Les moments de pointages (avant, à la mi-temps ou après le match, c'est selon) donnent parfois lieu à quelques échanges complices avec les forces de l’ordre dans les commissariats ou gendarmerie. "Certains chambrent, d’autres font la morale, raconte Hugo, le supporter nantais. On n’écoute pas, on ne répond pas et on part. D’autres sont sympas et vont vanner sur le match en question. Il y a parfois des scènes cocasses avec les flics." Parfois moins. "Certains n’hésitent pas à ajouter une petite couche, remarque Clément. J’ai l’impression que c’est grave d’être supporter du PSG, on a des petites réflexions."
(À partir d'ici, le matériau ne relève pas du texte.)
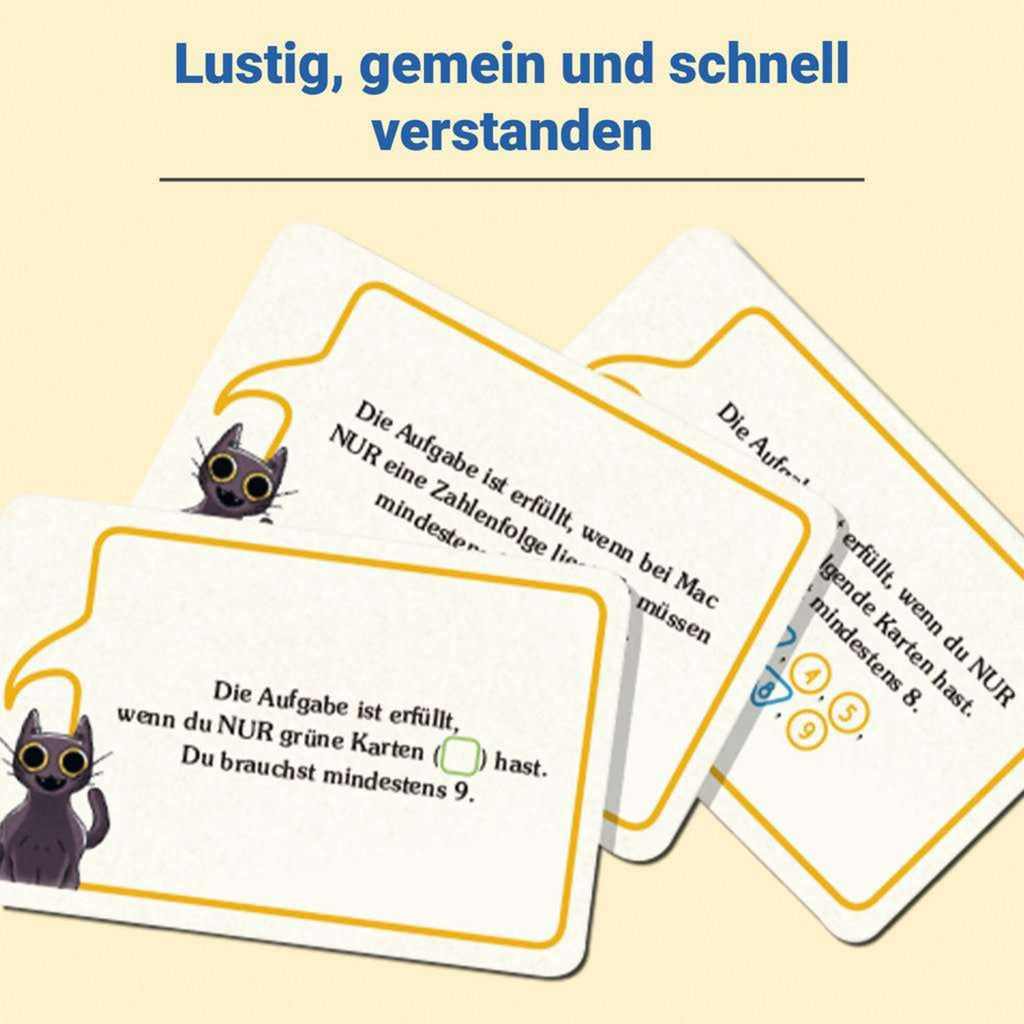 Ravensburger Dumm gelaufen!, Kartenspiel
Les supporters pâtissent de cette image et pestent souvent de servir de "rats de laboratoire". "La justice dans les stades n’est pas tout à fait la même que la justice dans la rue, reconnaît Maître Banbanaste. Il y a des données juridiques très particulières qu’il faut maîtriser. A Lyon, on a un parquet avec un procureur spécialisé dans les questions de droit des supporters. Ce n’est pas le cas dans tous les parquets de France. Il (le procureur spécialisé) est plus en prise avec la réalité, de ce qui se passe dans les stades. Il est beaucoup plus réactif à tous les niveaux. Il est plus l’écoute des clubs, des associations de supporters et des riverains. Il peut apporter une réponse juridique beaucoup plus efficace."
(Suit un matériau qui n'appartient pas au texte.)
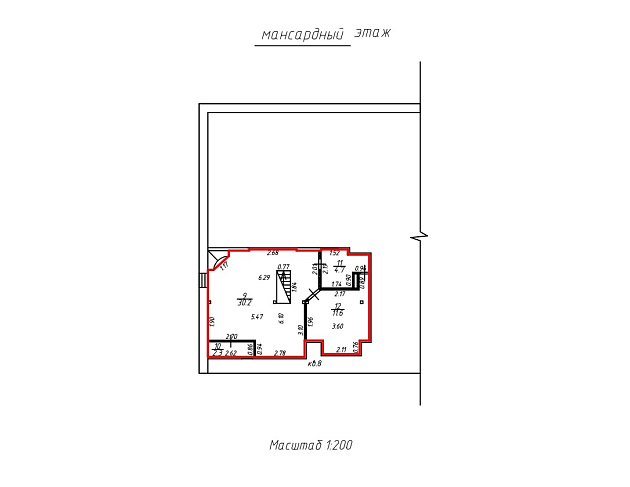 2-к квартира площадью 95,10 м² фото 86337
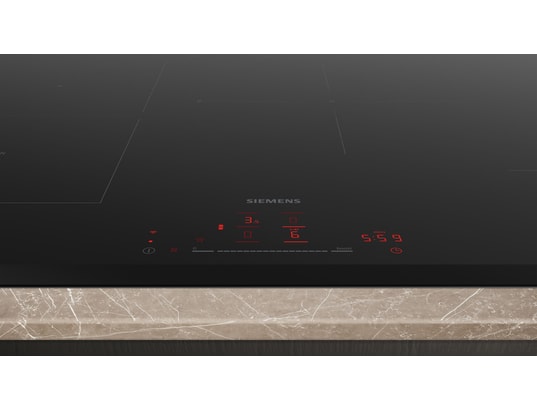 SIEMENS - Plaque induction ED851HSB1E, IQ500, 80 cm, Combizone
Dix fois plus d'interdictions de stade en Allemagne ou en Angleterre

La réponse judiciaire (IDS) est d’ailleurs la moins contestée puisqu’elle est celle qui offre un vrai cadre pour se défendre, contrairement à l’IAS, mais surtout l’ICS. Le nombre d'interdiction judiciaire varie entre 80 et 150 par an. "C’est très faible, sachant qu’on est sur dix fois plus à l’étranger en Allemagne ou en Angleterre, notamment parce que contrairement aux légendes urbaines, il y a beaucoup plus de violences qu’en France", assure Me Barthélémy.

De l’avis des principaux concernés, la généralisation des sanctions semble provoquer un effet contre-productif puisqu’elle n’affecte en rien l’attachement des supporters pour leurs clubs.
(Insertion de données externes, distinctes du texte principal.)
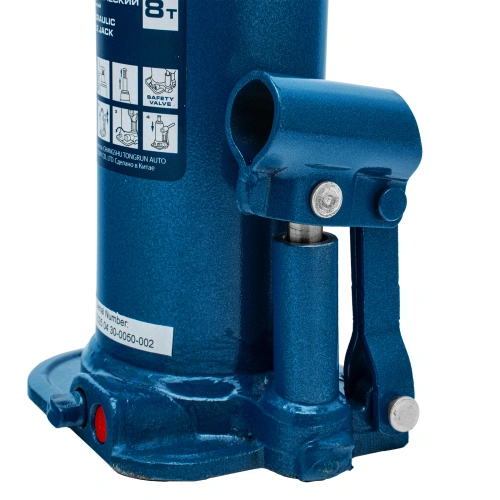 Домкрат гидравлический бутылочный, 8 т, h подъема 222-447 мм Stels по ценам производителя в Челябинске с доставкой по всей России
"On sait, quand on va au stade qu’on peut choper une IAS au moindre pet de travers, admet Hugo. Si on prend une IAS et qu’on en reprend une autre, les durées évoluent en récidive. Mais c’est très rare qu’une IAS ou IDS atténue la passion d’un supporter. Ça n’a aucun effet, au contraire. Ça nous renforce dans nos convictions et ça ne nous empêche pas d’être présent et de revenir à la fin de l’interdiction. Je reprendrai les déplacements et les matchs à domicile comme avant. Le tout répressif n’apporte rien."

"Je me suis demandé ce qu’il aurait fallu pour que je ne remette plus les pieds au stade mais je ne vois pas, emboite Clément. C’est impossible! C’est le moment de décompression, je sais que je vais retourner au Parc, ça ne changera rien."